Why would it return false ? The two push's simply push the function parameters on the stack, and then the read_six_numbers function is called, which (surprisingly ?) reads six numbers entered by the user.

Looping? There are loops in this?

But.. I've just realized something:

 8051a07:      39 44 9d d8                cmp    %eax,0xffffffd8(%ebp,%ebx,4)<-compares eax with that huge offset thing
 8051a0b:      74 05                      je     8051a12 <phase_2+0x2d> <------jumps if the compare works out right

Shouldn't the answer be in cmp? in the eax register?
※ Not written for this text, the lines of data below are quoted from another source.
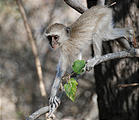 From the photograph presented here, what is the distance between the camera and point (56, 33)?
3980mm

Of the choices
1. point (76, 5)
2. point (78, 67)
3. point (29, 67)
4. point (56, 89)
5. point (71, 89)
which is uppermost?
point (76, 5)

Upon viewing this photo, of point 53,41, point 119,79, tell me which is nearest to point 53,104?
point 53,41

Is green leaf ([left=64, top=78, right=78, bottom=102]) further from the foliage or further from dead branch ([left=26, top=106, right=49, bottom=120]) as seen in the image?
dead branch ([left=26, top=106, right=49, bottom=120])

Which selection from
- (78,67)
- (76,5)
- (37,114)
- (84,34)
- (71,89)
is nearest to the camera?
(71,89)

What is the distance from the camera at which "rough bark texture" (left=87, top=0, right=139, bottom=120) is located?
4.13 meters

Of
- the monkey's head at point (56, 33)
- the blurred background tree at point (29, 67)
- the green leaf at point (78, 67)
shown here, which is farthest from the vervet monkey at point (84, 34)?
the blurred background tree at point (29, 67)

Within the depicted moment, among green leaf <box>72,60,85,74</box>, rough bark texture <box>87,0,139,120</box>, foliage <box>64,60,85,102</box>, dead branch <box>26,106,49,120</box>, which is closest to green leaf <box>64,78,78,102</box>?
foliage <box>64,60,85,102</box>

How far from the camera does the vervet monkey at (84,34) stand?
Result: 399 cm

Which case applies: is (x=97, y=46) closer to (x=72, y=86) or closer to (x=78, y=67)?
(x=78, y=67)

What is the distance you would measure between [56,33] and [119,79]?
1.29m

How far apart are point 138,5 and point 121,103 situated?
1.60 meters

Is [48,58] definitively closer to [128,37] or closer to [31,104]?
[31,104]

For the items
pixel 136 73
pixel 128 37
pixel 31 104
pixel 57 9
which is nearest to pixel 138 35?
pixel 128 37

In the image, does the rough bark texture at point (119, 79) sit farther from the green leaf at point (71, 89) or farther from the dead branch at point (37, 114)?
the green leaf at point (71, 89) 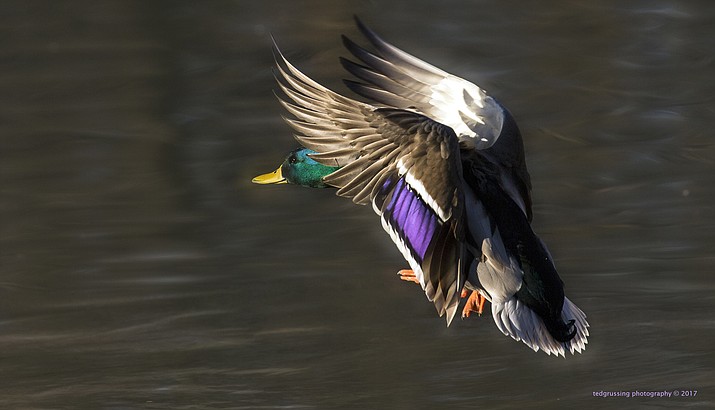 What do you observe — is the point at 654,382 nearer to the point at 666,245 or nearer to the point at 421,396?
the point at 421,396

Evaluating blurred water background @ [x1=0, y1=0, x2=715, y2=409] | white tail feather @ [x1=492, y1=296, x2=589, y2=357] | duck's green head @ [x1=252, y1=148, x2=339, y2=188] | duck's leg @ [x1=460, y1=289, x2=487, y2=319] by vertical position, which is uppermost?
duck's green head @ [x1=252, y1=148, x2=339, y2=188]

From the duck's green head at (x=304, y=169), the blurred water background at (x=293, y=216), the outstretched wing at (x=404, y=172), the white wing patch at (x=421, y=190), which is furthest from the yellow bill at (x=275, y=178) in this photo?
the white wing patch at (x=421, y=190)

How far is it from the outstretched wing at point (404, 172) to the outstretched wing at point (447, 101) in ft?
1.33

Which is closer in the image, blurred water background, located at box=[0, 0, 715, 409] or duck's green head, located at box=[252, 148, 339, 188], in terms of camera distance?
blurred water background, located at box=[0, 0, 715, 409]

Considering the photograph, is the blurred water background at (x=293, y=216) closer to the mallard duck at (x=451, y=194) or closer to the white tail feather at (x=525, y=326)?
the white tail feather at (x=525, y=326)

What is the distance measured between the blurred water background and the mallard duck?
0.46 meters

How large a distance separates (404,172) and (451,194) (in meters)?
0.18

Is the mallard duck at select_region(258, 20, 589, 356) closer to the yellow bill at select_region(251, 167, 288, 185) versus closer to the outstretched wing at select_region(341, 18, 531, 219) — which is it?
the outstretched wing at select_region(341, 18, 531, 219)

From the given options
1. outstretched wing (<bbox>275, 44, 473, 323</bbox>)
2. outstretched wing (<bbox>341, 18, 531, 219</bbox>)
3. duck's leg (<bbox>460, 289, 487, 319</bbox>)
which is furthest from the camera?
duck's leg (<bbox>460, 289, 487, 319</bbox>)

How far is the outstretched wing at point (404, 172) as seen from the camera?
4848 millimetres

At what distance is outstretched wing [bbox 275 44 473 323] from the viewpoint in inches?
191

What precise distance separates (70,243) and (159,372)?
143 centimetres

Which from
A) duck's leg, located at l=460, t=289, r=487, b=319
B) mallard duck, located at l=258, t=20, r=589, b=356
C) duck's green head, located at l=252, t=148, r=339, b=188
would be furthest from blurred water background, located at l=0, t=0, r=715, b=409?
duck's green head, located at l=252, t=148, r=339, b=188

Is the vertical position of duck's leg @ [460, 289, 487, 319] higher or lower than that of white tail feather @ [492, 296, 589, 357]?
lower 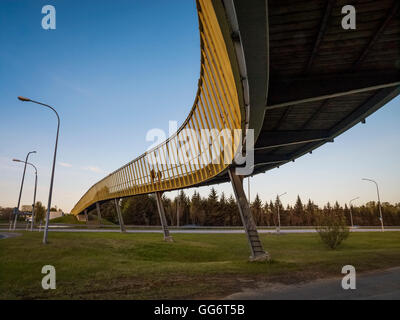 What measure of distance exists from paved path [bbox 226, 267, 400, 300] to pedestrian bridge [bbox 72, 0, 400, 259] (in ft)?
19.3

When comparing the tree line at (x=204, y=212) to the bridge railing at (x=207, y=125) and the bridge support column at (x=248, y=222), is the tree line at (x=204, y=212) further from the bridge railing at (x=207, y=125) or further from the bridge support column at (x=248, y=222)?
the bridge support column at (x=248, y=222)

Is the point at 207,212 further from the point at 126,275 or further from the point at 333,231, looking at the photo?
the point at 126,275

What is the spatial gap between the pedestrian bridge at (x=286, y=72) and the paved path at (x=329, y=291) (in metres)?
5.87

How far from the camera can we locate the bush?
2389 centimetres

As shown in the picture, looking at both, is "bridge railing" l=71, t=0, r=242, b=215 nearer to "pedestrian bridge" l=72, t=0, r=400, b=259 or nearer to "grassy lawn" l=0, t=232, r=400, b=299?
"pedestrian bridge" l=72, t=0, r=400, b=259

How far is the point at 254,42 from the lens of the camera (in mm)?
5449

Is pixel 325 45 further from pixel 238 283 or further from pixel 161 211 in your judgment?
pixel 161 211

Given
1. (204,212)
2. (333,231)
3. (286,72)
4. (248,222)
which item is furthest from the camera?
(204,212)

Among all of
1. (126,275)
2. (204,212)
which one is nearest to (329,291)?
(126,275)

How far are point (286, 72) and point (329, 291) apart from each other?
7.43 metres

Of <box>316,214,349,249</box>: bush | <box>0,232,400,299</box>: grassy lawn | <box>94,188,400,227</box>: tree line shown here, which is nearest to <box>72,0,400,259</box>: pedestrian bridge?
<box>0,232,400,299</box>: grassy lawn

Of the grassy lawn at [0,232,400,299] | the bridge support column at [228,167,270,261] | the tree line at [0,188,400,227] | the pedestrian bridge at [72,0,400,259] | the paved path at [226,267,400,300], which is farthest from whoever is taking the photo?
the tree line at [0,188,400,227]

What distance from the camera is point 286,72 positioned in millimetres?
9750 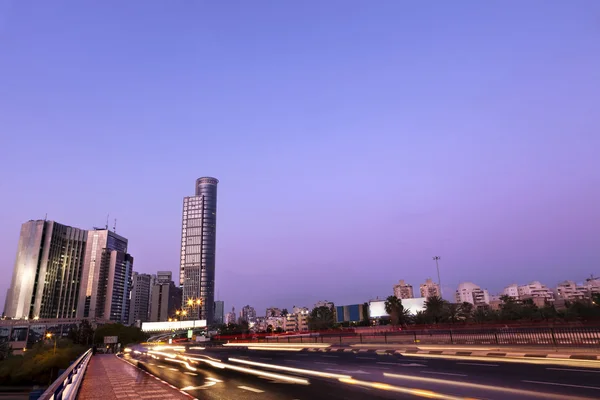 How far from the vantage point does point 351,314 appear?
15200cm

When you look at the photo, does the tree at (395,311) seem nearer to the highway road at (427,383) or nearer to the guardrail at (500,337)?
the guardrail at (500,337)

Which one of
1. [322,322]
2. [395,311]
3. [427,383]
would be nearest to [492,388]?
[427,383]

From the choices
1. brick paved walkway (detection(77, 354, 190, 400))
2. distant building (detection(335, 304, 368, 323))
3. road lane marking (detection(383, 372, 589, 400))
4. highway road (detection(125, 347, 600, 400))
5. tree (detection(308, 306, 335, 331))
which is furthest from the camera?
distant building (detection(335, 304, 368, 323))

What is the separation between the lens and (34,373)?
67.4m

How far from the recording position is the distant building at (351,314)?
149 meters

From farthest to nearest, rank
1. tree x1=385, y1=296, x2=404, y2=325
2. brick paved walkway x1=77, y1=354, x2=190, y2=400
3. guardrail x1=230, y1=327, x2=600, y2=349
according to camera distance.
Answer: tree x1=385, y1=296, x2=404, y2=325
guardrail x1=230, y1=327, x2=600, y2=349
brick paved walkway x1=77, y1=354, x2=190, y2=400

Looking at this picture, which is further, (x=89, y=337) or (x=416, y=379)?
(x=89, y=337)

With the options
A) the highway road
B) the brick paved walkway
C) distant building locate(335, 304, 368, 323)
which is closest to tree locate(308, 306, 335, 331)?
distant building locate(335, 304, 368, 323)

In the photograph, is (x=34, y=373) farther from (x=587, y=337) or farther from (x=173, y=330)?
(x=173, y=330)

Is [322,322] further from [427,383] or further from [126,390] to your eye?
[427,383]

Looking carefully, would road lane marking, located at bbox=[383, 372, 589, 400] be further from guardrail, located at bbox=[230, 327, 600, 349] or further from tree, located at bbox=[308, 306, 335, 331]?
tree, located at bbox=[308, 306, 335, 331]

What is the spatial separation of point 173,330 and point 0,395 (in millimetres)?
137338

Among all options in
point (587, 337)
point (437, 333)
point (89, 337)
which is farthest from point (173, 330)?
point (587, 337)

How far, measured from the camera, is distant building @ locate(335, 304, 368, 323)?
489 feet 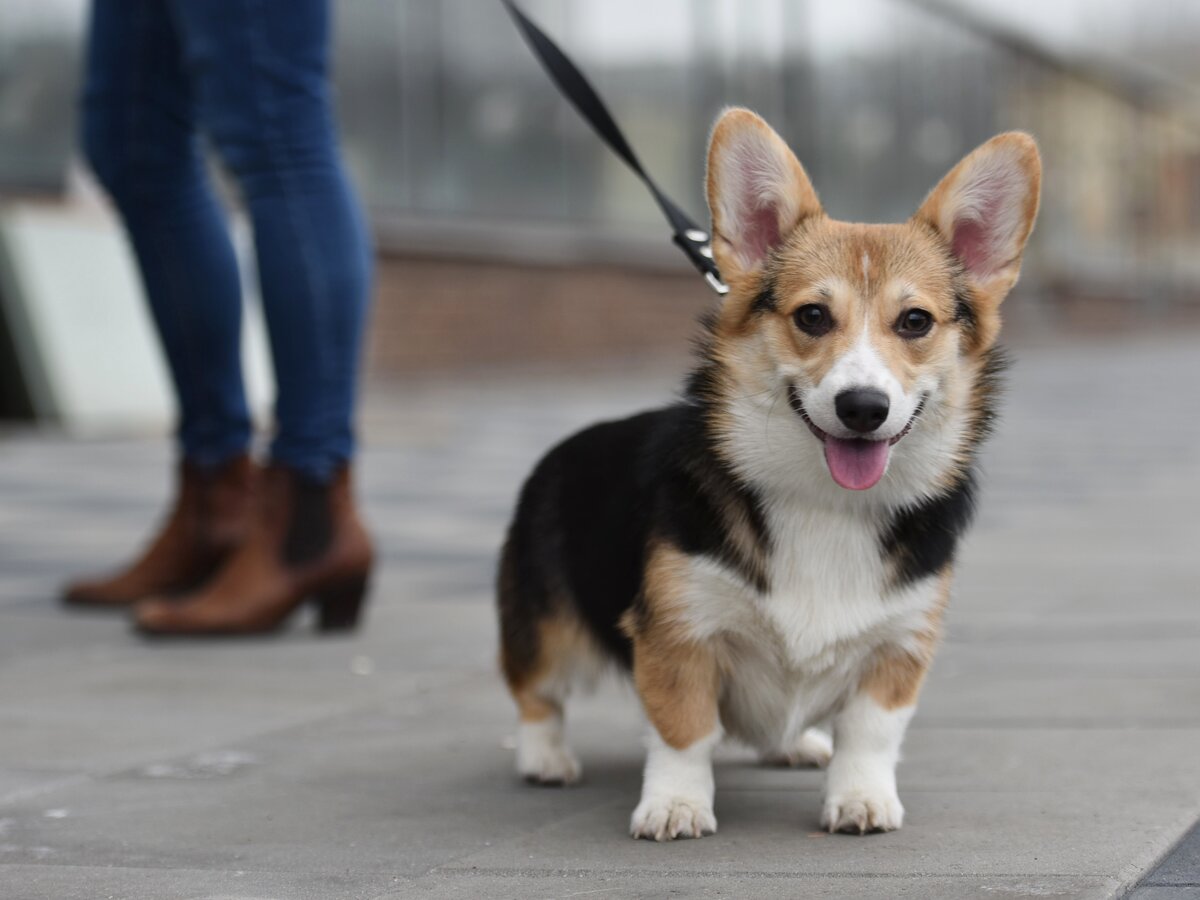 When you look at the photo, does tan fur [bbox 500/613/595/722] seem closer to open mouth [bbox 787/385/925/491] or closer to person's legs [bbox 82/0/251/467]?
open mouth [bbox 787/385/925/491]

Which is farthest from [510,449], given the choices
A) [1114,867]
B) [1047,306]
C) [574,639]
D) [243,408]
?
[1047,306]

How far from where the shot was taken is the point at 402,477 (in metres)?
7.08

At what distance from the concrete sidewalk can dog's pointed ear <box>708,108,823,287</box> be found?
702mm

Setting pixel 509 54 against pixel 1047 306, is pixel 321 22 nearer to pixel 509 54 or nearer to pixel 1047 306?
pixel 509 54

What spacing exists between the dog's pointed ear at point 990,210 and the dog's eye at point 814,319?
26cm

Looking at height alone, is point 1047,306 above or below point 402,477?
below

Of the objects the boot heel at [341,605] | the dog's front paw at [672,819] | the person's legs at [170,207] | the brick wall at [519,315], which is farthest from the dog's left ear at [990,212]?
the brick wall at [519,315]

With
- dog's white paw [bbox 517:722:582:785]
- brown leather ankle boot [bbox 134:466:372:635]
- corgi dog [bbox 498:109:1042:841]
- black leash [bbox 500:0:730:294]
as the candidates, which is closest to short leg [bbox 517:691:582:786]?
dog's white paw [bbox 517:722:582:785]

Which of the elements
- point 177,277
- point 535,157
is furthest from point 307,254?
point 535,157

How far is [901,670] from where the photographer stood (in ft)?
7.67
I'm thinking it should be in the cmp instruction, because that's the only place its comparing anything... and it has to jump over the explode_bomb line...?

>> Looping? There are loops in this?

If you haven't spotted them yet, you'll soon do ;)


>> Shouldn't the answer be in cmp? in the eax register?

Not really. Of course, understanding what happens there is part of the solution, but you need to understand the whole call flow to find the solution, not just this cmp instruction.


Try doing this for example : write the assembly instructions in the left column on a piece of paper, and in the right column, write the corresponding C code. Start by "translating" every instruction separately, and then combine different lines of C code to make it easier to read. See if that helps you make sense of what's happening.

Uh... isn't there an easier way than me learning how assembly translates to C? =(

What about the read_six_numbers function? Are there loops in that too?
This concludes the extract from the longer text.